The family matriarch, Linda, shouts at the pastor and orders her four remaining sons to carry Cody’s body out of the church. They bury him in an unmarked grave on their own land.
It was a hard day for Pastor Clarence—but the week would get even more difficult for his daughter, Ava. She married one of the Bertran brothers, Dallas; the perceived slight at Cody’s funeral has only caused festering emotions within the man to boil. And while at a fancy dinner with friends, Dallas screams that he wants a divorce.

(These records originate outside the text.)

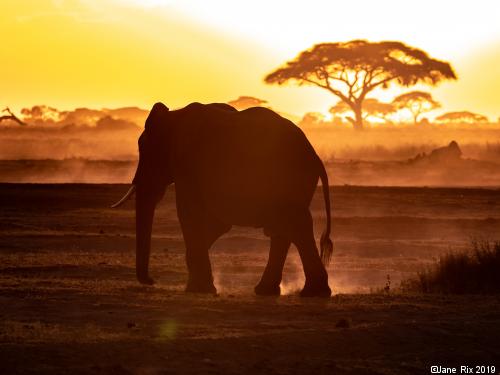 Combiné circuit et hôtel Safari et plage de l'océan indien - 2 nuits Tsavo Est et Tsavo Ouest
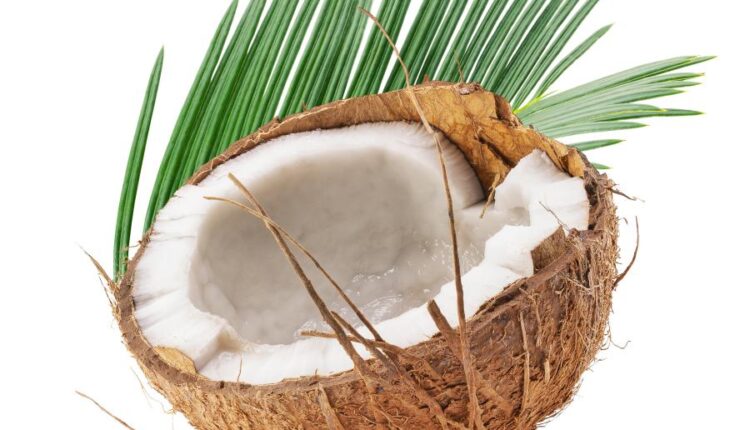 عکس استوک نارگیل   Coconut and milk tropical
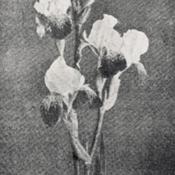 photo from the 1922 catalog, O. M. Pudor, Puyallup, Washington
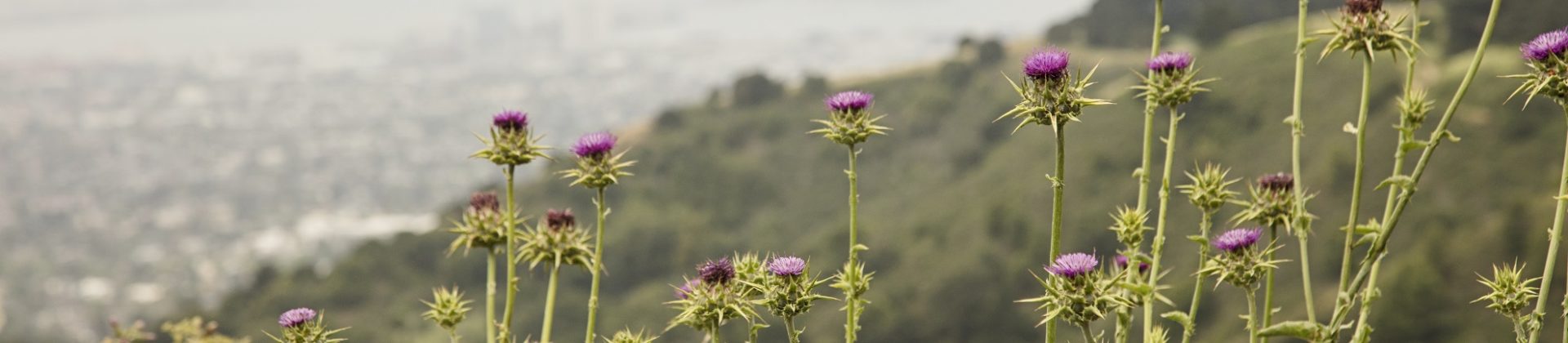 view of flowers on hill in San Francisco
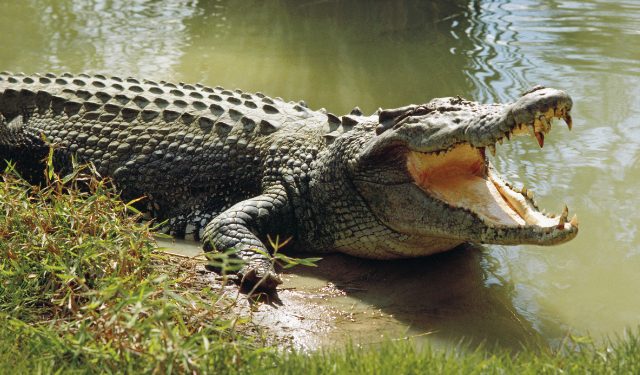 Man Found Inside Crocodile After Suspected Attack in Australia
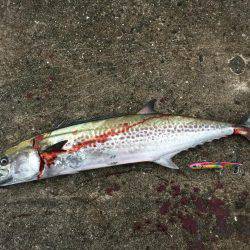 タチウオとサゴシを狙いに！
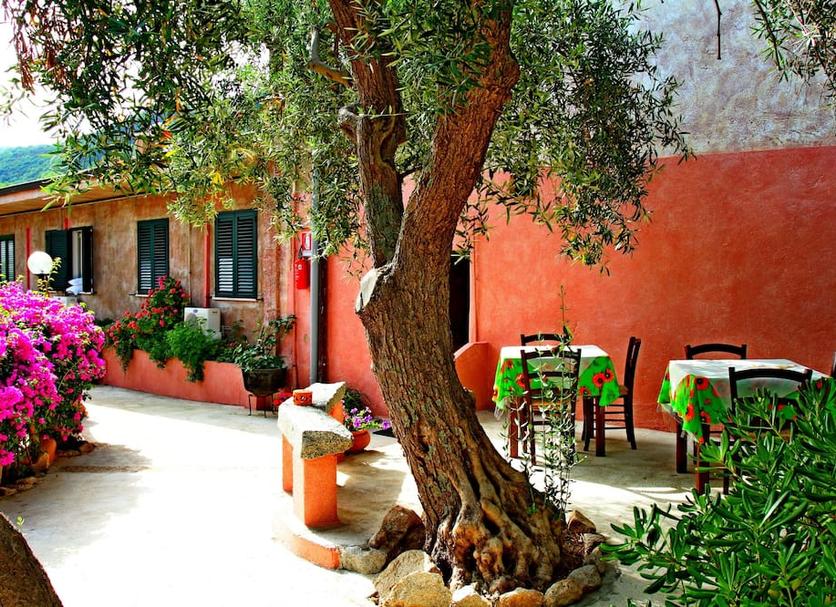 Patio Zdjęcie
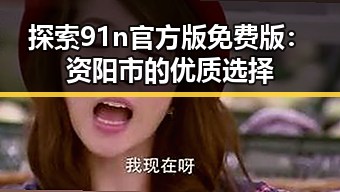 探索91n官方版免费版：资阳市的优质选择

The demand hits Ava like a load of bricks. She’s endured plenty of pain and suffering at Dallas’ hands in the hope that her patience and love for him would nudge him toward becoming a kinder man. But as Ava’s friends and family help her to see the trauma that Dallas put her through, she eventually learns to move on with her life.
Meanwhile, Dallas’ heart continues to harden. And despite pursuing the divorce, he cannot stand to see Ava happy, especially as she begins talking with another man.
And if we apply the lesson of Luke 16 to the situation, not even Cody rising from the dead to warn Dallas of the consequences could convince him to repent of his evil.